O Concurso de Ganadarias de ontem ficou marcado, como sempre acontece, pela seriedade e pela emoção transmitida pelos seis toiros que sairam à praça fazendo justo à designação desta feira taurina, a do Toiro-Toiro.
Lidaram-se, por esta ordem, exemplares de Conde de Murça (um toiro com pata e com transmissão, que evidenciou bravura), Fernandes de Castro (um toirão com... 700 quilos, jabonero, de apresentação notável, mas que, apesar dos quilos, não fez mal a ninguém, à semelhança do que acontecera já em Vila Franca com outro pesadíssimo irmão; andou com nobreza durante a lide e foi pelo seu caminho, sem maldade, para o forcado); de Ascensão Vaz (o toiro seleccionado partiu um corno nos currais e, em vez de ser substituído pelo sobrero, que era a solução lógica, foram ao campo buscar outro toiro da mesma divisa, acabou por vir um que não estava no programa, sem grande qualidade, era apena um toiro bonito, jabonero também); de Ribeiro Telles (este muito na linha dos manos que não assustaram ninguém na capital, andou certinho e pelo seu caminho, sem exigir, sem muito transmitir, servindo...); de Joaquim Brito Paes (um toiro de bandeira, bravo, de comportamento excepcional, a reafirmar o grande momento que atravessa esta ganadaria); e de Passanha (toiro muito na linha desta triunfadora ganadaria, com imenso trapio e apresentação aplaudida, que teve comportamento de bravo e transmitiu emoção).
O júri do concurso foram os próprios ganadeiros e os prémios foram atribuídos, com a total concordância do público, sem um único protesto, aos toiros de Joaquim Brito Paes (bravura) e de Passanha (apresentação). Fernando Pinto, Presidente da Câmara de Alcochete, desceu à arena para presidir à cerimónia de entrega dos prémios.

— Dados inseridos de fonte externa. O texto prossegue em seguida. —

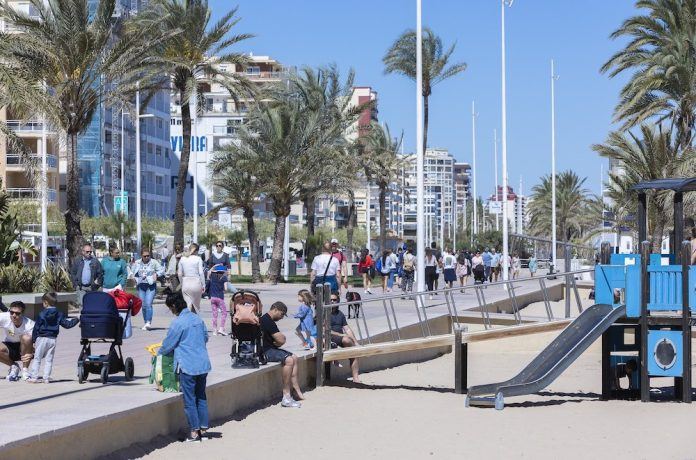 Foreign tourism drives the success of the May bridge in Gandia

Artisticamente, os três cavaleiros estiveram razoáveis, sem grandes espaventos, nas lides dos três primeiros toiros: bem andou Rui Fernandes com o bom toiro de Conde de Murça; artista e poderoso esteve João Moura Jr. com o pesadíssimo toiro de Castro; e João Ribeiro Telles deu o melhor de si perante o toiro trocado de Ascensão Vaz, mas não teve pela frente matéria prima para brilhar, não chegando sequer a dar volta à arena, reservando-se para a segunda parte.

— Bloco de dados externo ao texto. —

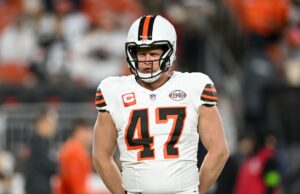Lanzamiento de Browns LS Charley Hughlett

A segunda parte foi outra corrida.
Rui Fernandes agigantou-se e fez alarde da sua muita maestria na lide fantástica ao toiro de Ribeiro Telles e muito por obra e graça da sua extraordinária actuação, com brega adequada, recortes de muita arte e ferros de tremenda emoção, obrigou os meninos Moura e Telles a puxaram também dos seus galões e a superarem-se nos toiros que se seguiram, não fosse o diabo (do Fernandes!) tecê-las e sairem por baixo na tarde de tão aguerrida competição com a figura consagrada.

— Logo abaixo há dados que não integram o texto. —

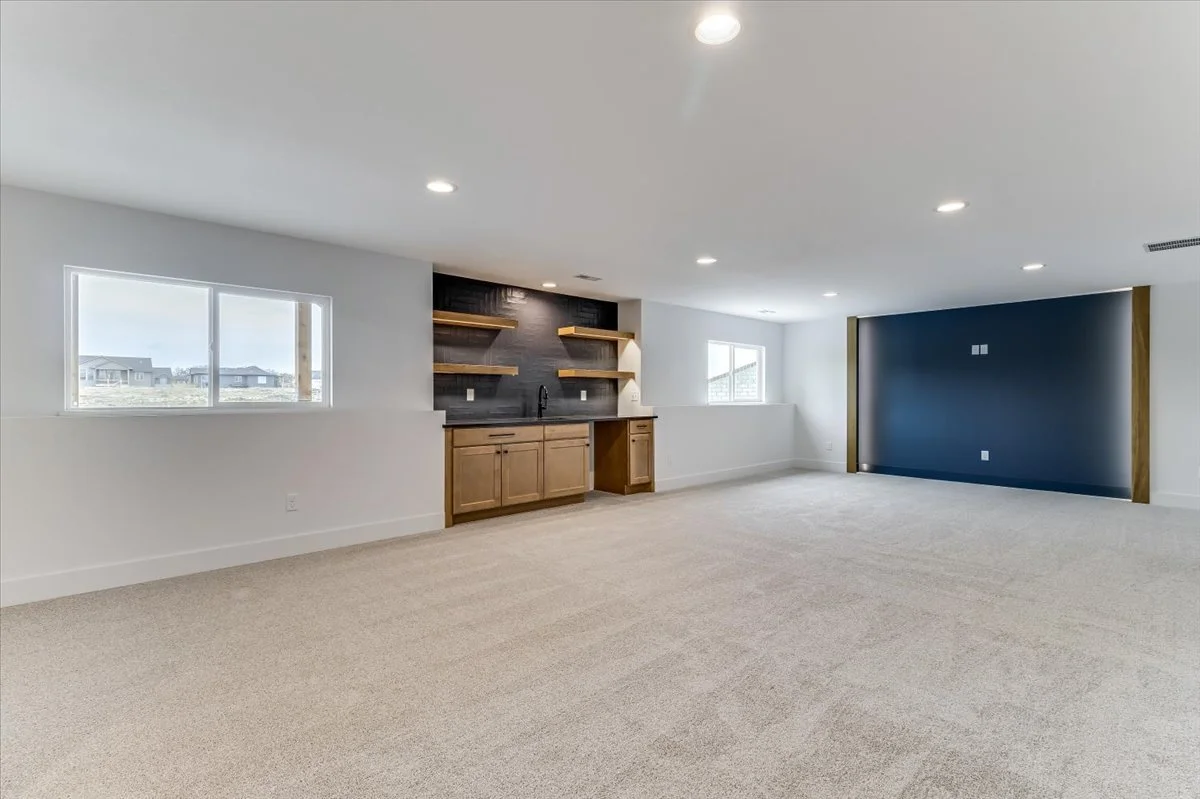 33-8988 E Bradford St-33.jpg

Com o quinto bravo toiro de Joaquim Brito Paes, João Moura Júnior protagonizou uma lide memorável, colossal, daquelas com que costuma marcar a diferença e afirmar a liderança. O toiro arrancava-se com alegria e emoção e Mourinha deu-lha a prioridade, esperou, cravou depois num palmo de terreno ferros que levantaram as pessoas da bancada, como que impelidas por uma mola. Fantástico, seguro, mandão.
João Ribeiro Telles não é toureiro de perder, nem a feijões. Não lhe tinham corrido de feição as coisas no primeiro toiro. Entrou em praça no último decidido a também fazer a diferença e empolgou tudo e todos, pôs toda a gente de pé também, com a brilhante lide ao bom toiro de Passanha, que transmitiu e impôs emoção. João Telles está num momento imparável de consagrada maturidade e de classe superior. Emocionou, pisou a linha de risco, deixou ferros de uma verdade sem fim. Terminou com a sorte habitual de praça a praça com o fantástico cavalo "Ilusionista". Simplesmente espantoso.
Aplausos para os seis bandarilheiros: Hugo Silva e João Santos (de Rui Fernandes); Benito Moura e José Maria Maldonado Cortes (de Moura Jr.); Duarte Alegrete e António Telles Bastos (de João Telles).
À saída da praça, um velho amigo dizia-me, com alguma ironia e a graça com que analisa todas as situações: "A culpa de ter sido uma corrida fantástica foi só tua... foste escrever que o Palha era o número-um do toureio a cavalo e eles vieram hoje aqui os três afirmar-se e mostrar que também são números-um!"... A picardia sempre fez falta!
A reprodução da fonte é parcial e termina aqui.